Given: \( \cos (A-B)=\cos A \cos B+\sin A \sin B \) Use the identity above to deduce that \( \sin (A+B)=\sin A \cos B+\cos A \sin B \)

To deduce the identity \( \sin (A+B)=\sin A \cos B+\cos A \sin B \) from the given identity, we first take advantage of the fact that \( \sin(A+B) \) can be expressed using \( \cos(A-B) \). We know that \( \sin(A+B) \) can be written in terms of \( \cos(A-B) \) as follows: \[ \sin(A+B) = \sin(A + (-B)) = \sin A \cos(-B) + \cos A \sin(-B) \] Using the even-odd properties of sine and cosine, we find: \(\cos(-B) = \cos B\) and \(\sin(-B) = -\sin B\).
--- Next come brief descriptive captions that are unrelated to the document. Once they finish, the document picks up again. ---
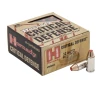 Hornady Critical Defense 32 ACP 60 Grain FTX Ammunition 25 Rounds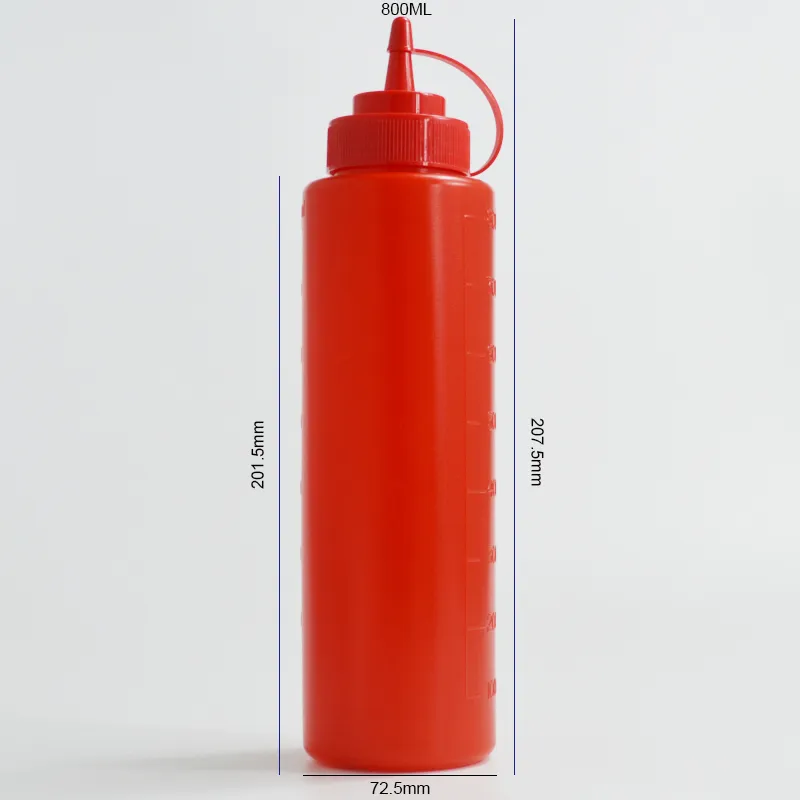 Squeeze Bottle Detail 2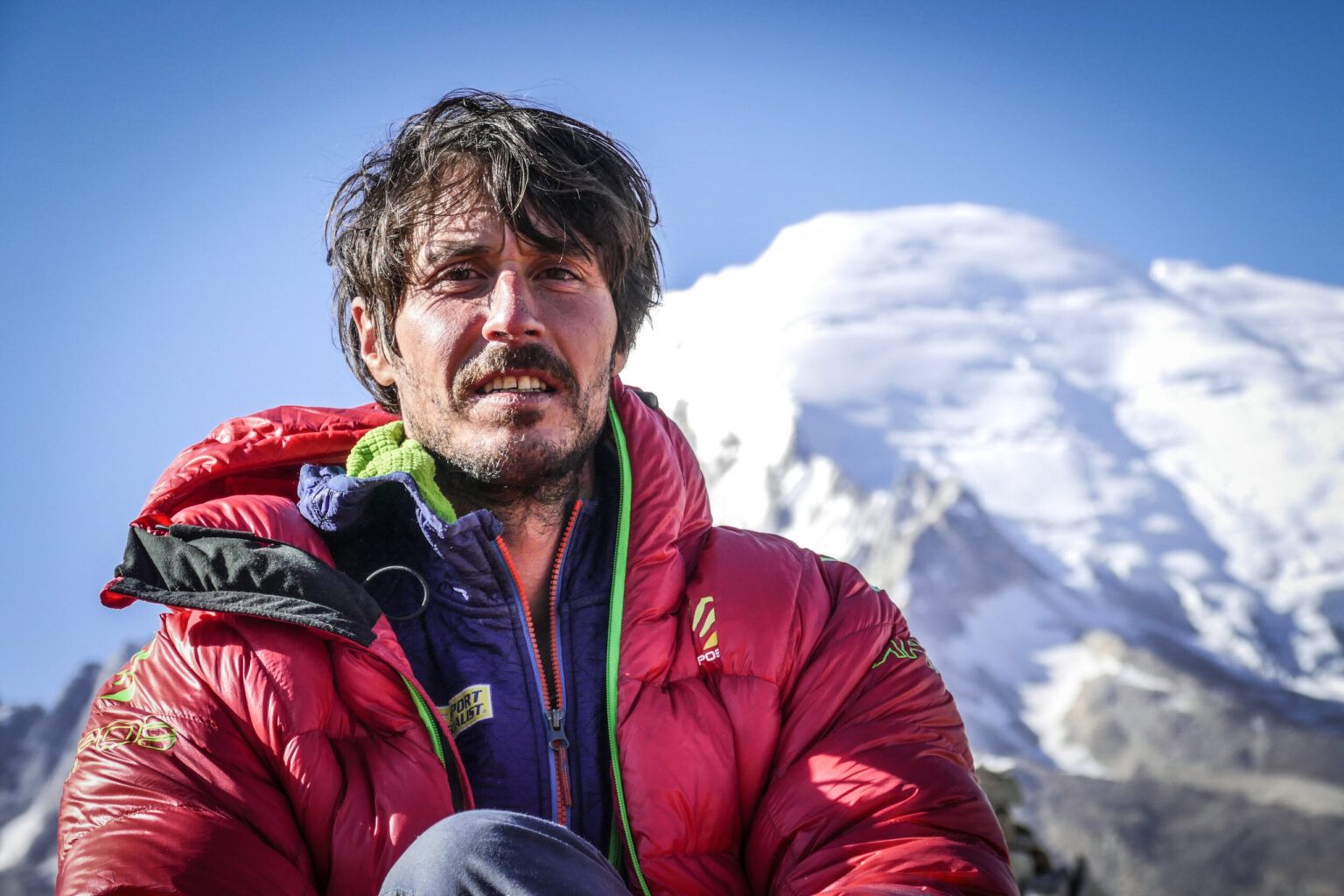 Matteo Della Bordella: "Cuando llevas una idea a la montaña, esa idea pasa a ser de todos"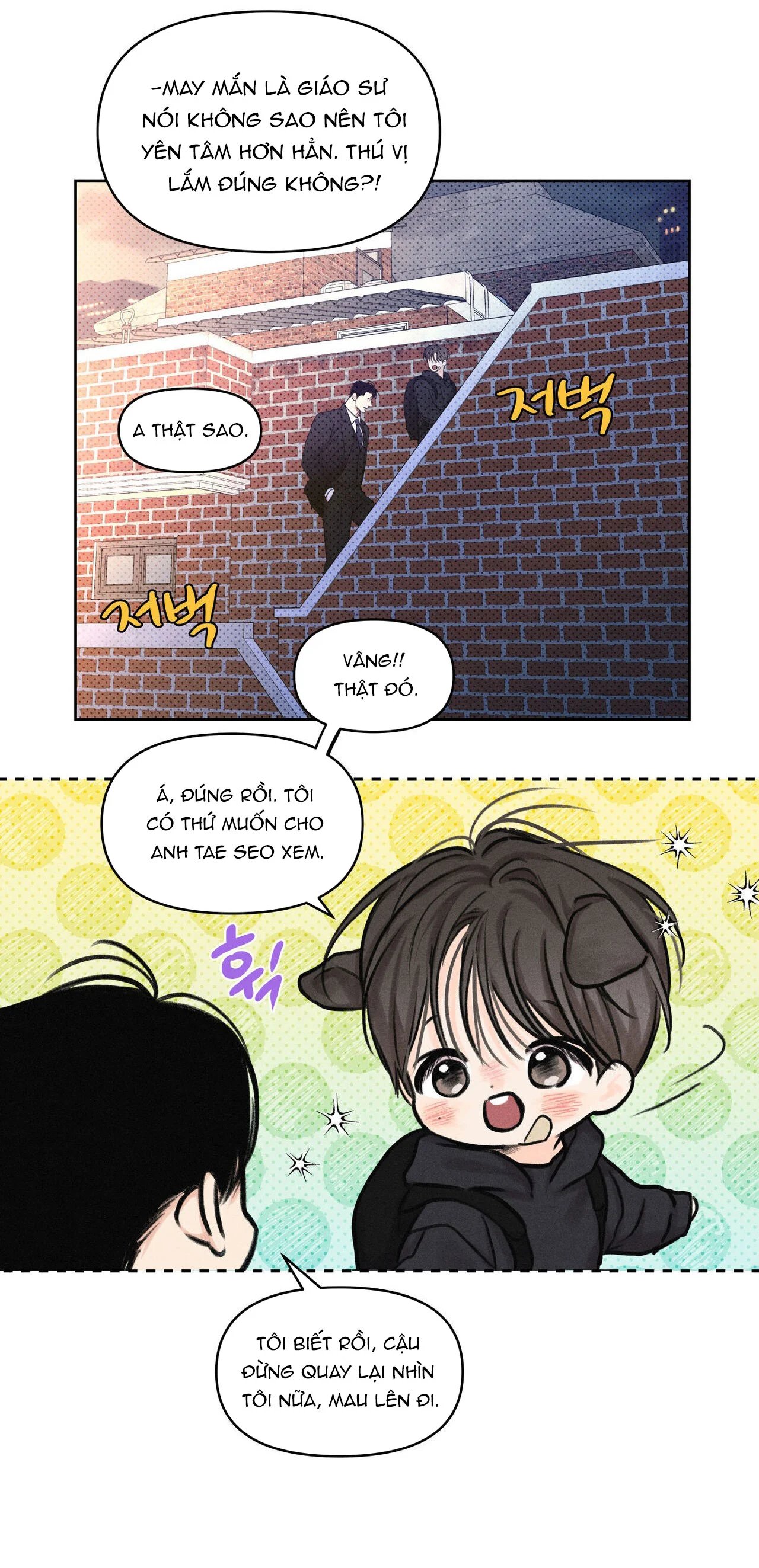 công việc làm thêm hàng ngày chapter 13.2 7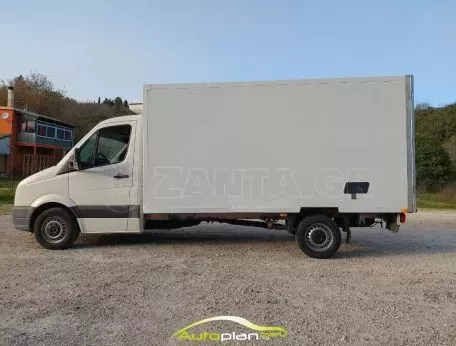 Volkswagen Crafter 2016 Ψυγείο  ! euro 6 ! a/c ! 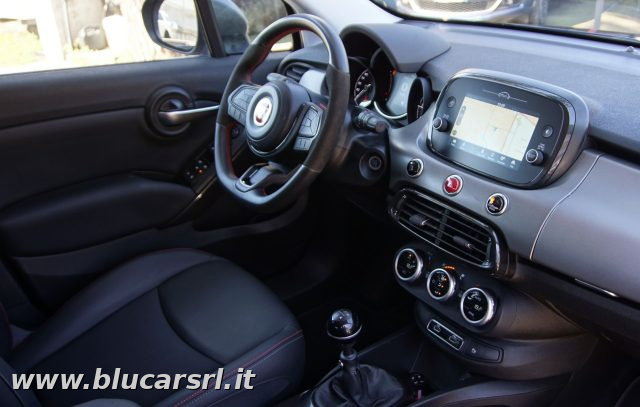 FIAT 500X usata, con ESP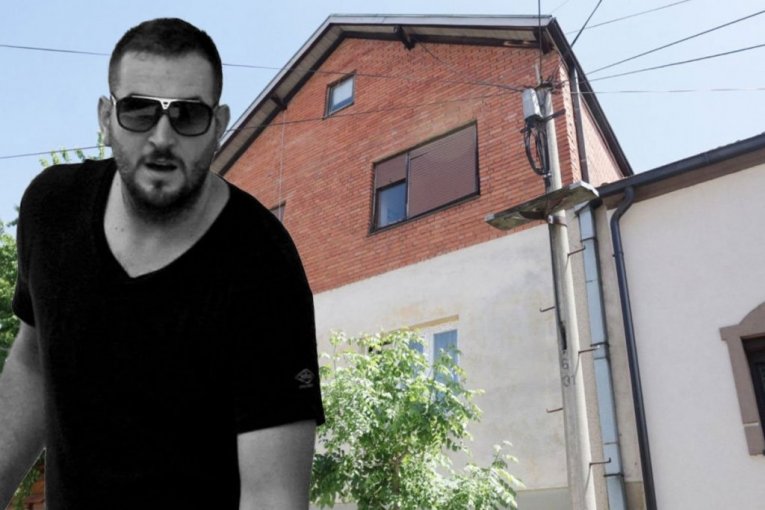 Dragan Labović - kuća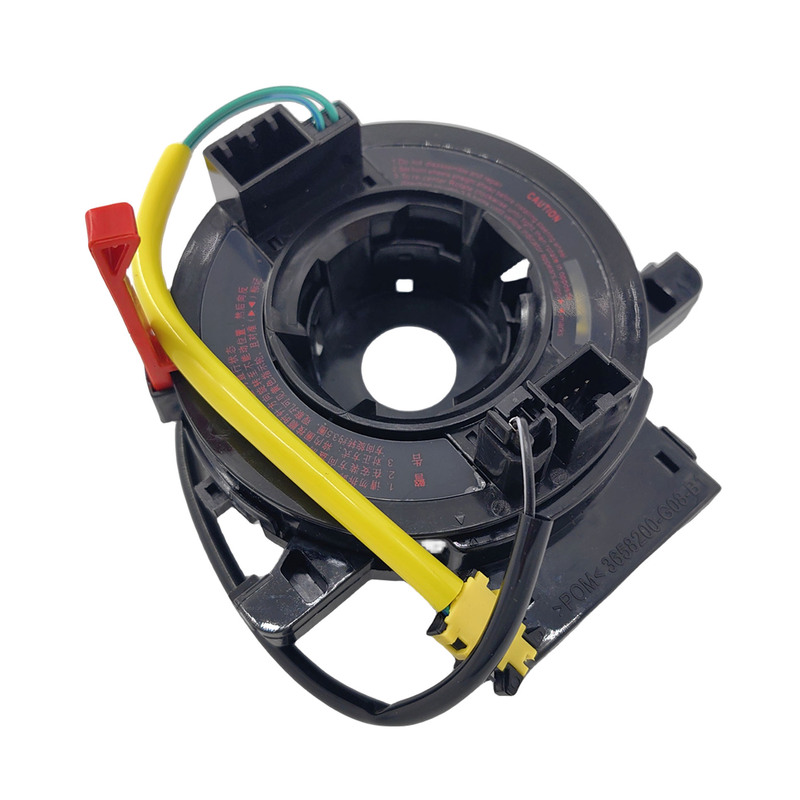Airbag Front Clock Spring Fit For Great Wall Hover Haval H1/H2/H3/C30 3658200-G08 image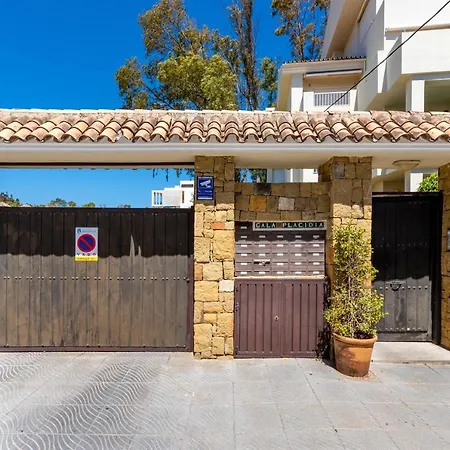 Lägenhet Spectacular Penthouse Puente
So, substituting these into our expression gives us: \[ \sin(A+B) = \sin A \cos B - \cos A \sin B \] But wait! This isn't what we want! To resolve this, we can recall the double angle identity for sine from the angle addition formulas we already have. If we instead consider the negative \( A - B \), using the identity for \( \cos \): Taking \( B \) as negative and using the original identity in this way can also give a more direct path towards what we need. Thus, remember that: \[ \sin(A+B) = \sin A \cos B + \cos A \sin B \] We realize this simply comes from flipping our earlier work backwards and keeping in mind the symmetric nature of sine in angles \( A\) and \( B\).